Vor dem Hintergrund des Klimawandels ändern die Verbraucher kontinuierlich ihre Konsumgewohnheiten, und Nachhaltigkeit ist ein wichtiger Bestandteil der Brand Performance geworden. Im Vorfeld ihres Webinars gibt Line Kerrad von Strategir Tipps, was Verbraucher für einen nachhaltigen Konsum berücksichtigen sollten.

Line Kerrad von Strategir im Interview

Line Kerrad, Geschäftsführerin bei Strategier Deutschland (Bild: Strategir)

Worauf müssen Konsumenten achten, um zwischen nachhaltigen und nicht nachhaltigen Produkten zu unterscheiden?

Line Kerrad: Diese Frage ist nicht so einfach zu beantworten, weil Nachhaltigkeit vielfältig ist. Laut der modernen Auffassung von Nachhaltigkeit tragen soziale, ökonomische und ökologische Ziele zu einer nachhaltigen Entwicklung bei. Sie deckt drei wichtige Bereiche ab: Gesundheit (gegen Lebensmittelkrisen, schlechte Inhaltsstoffe, Pestizidrückstände und so weiter), Umwelt (gegen Plastikverschmutzung, intensive Landwirtschaft, CO2-Fußabdruck, et cetera) und Ethik (für faire Arbeitsbedingungen von Mitarbeitern und Lieferanten sowie Tierschutz und Tierwohl).

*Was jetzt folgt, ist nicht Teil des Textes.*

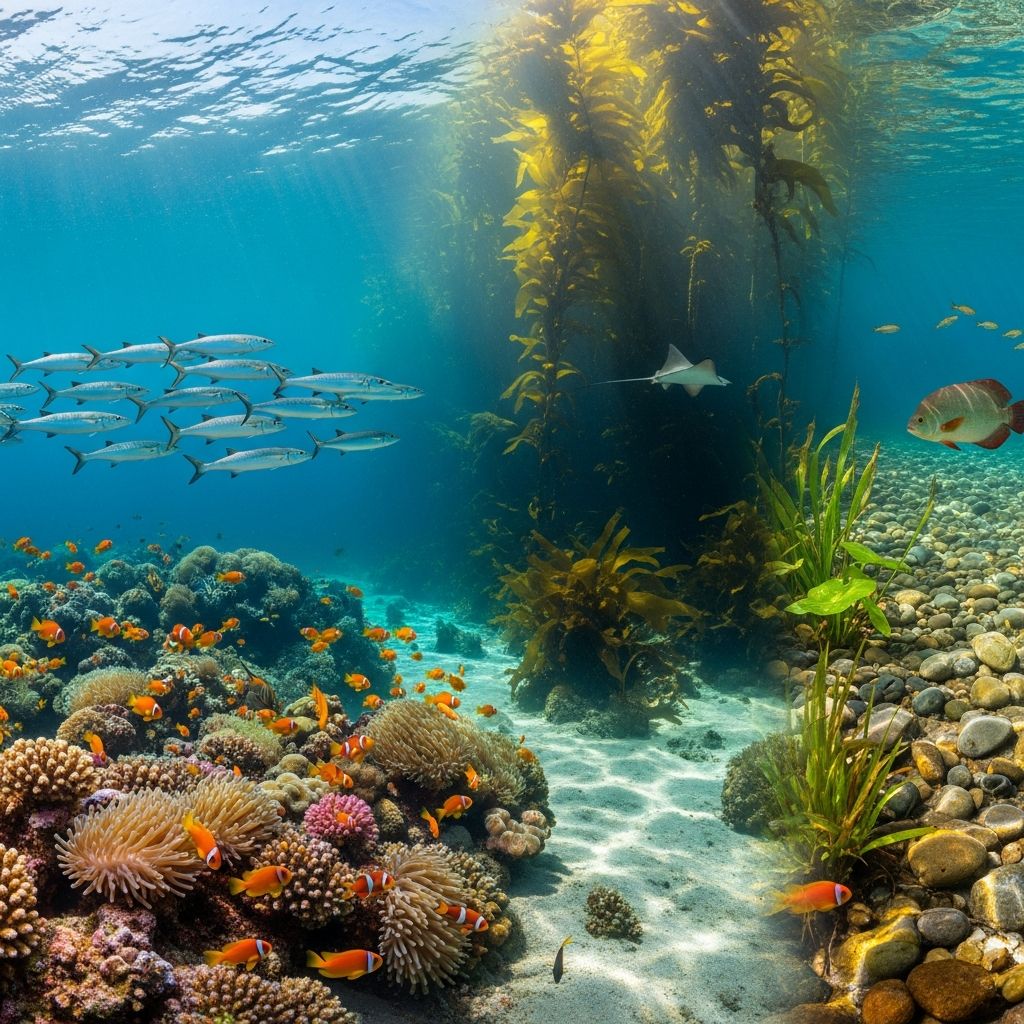 Aquatic Systems: 3 Essential Habitat Types And Key Controls Master the design, operation, and maintenance of aquatic systems for healthy fish and marine life in aquariums, ponds, and farms.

Immer mehr Verbraucher sind heute sensibler für soziale Belange und werden in der Zukunft noch mehr auf verantwortungsvolle und ethische Produkte achten. Um nachhaltig konsumieren zu können, brauchen sie allerdings erstmal Informationen über den ganzen Produktionsprozess eines Produktes (Inhaltsstoffe, Verfahren, wo und unter welchen Bedingungen, welche Transportwege, et cetera). Bei manchen Produkten ist das gut nachvollziehbar, bei anderen weniger. Ein gutes Beispiel sind saisonale Produkte, die unter Umständen durch einen erhöhten Energieverbrauch für die Gewächs- oder Kühlhäuser eine schlechtere CO2 Bilanz aufweisen können als Produkte, die am anderen Ende der Welt produziert werden. Bei manchen Produkten helfen Gütesiegel und Zertifikate nur bedingt, weil sie teilweise nicht bekannt oder nicht transparent genug sind (Stichwort Greenwashing). Die Konsumenten müssen sich also mit diesem Thema selbst auseinandersetzen, sich informieren, ihr Konsumverhalten hinterfragen und auf diese Art nachhaltiger konsumieren.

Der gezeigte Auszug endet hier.